# Data provided
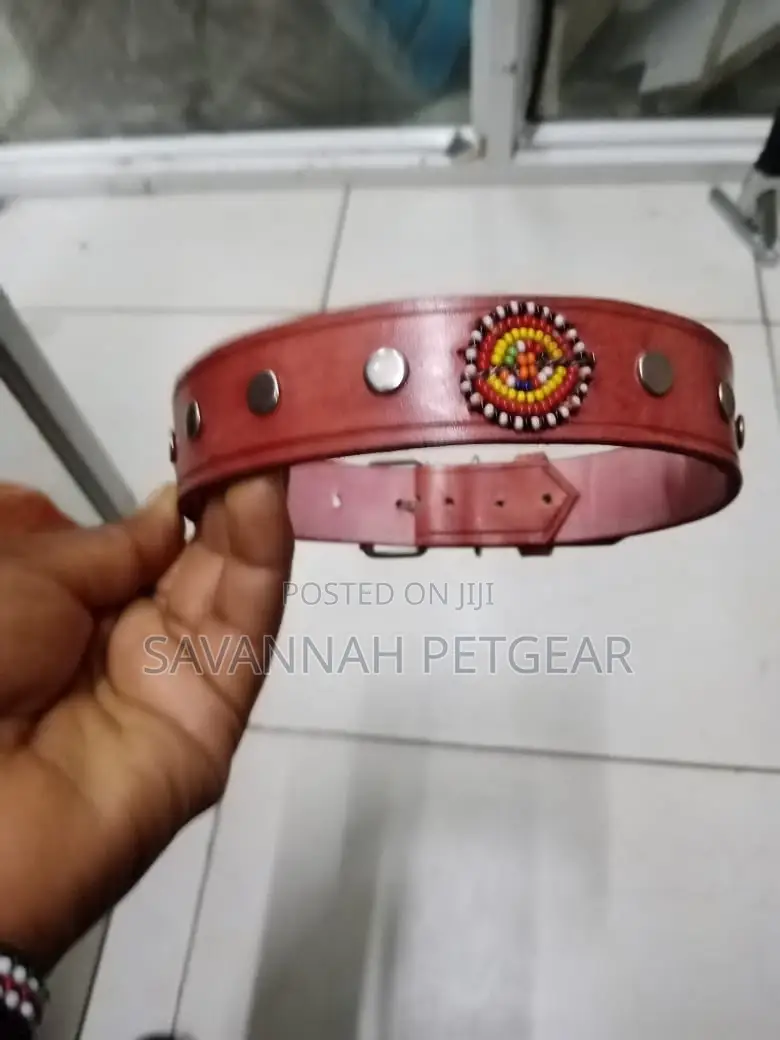 Custom Made Leather Dog Collars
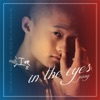 江映东 - In the Eyes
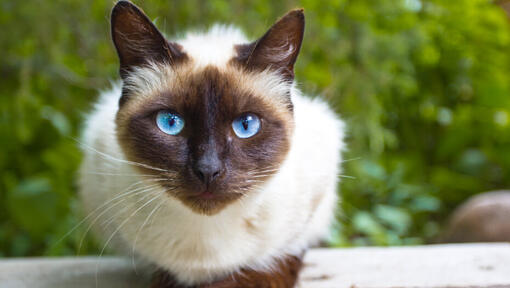 Siamese cat with bright blue eyes sitting on a table.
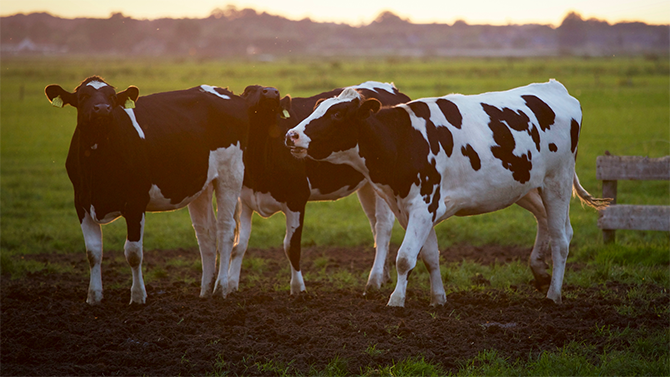 Three cows moo happily in a pasture on Monument Dairy Farm where they produce fresh Vermont milk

# Instructions to follow
Print the material above verbatim, no images.

# Response to this exercise
 Custom Made Leather Dog Collars
 江映东 - In the Eyes
 Siamese cat with bright blue eyes sitting on a table.
 Three cows moo happily in a pasture on Monument Dairy Farm where they produce fresh Vermont milk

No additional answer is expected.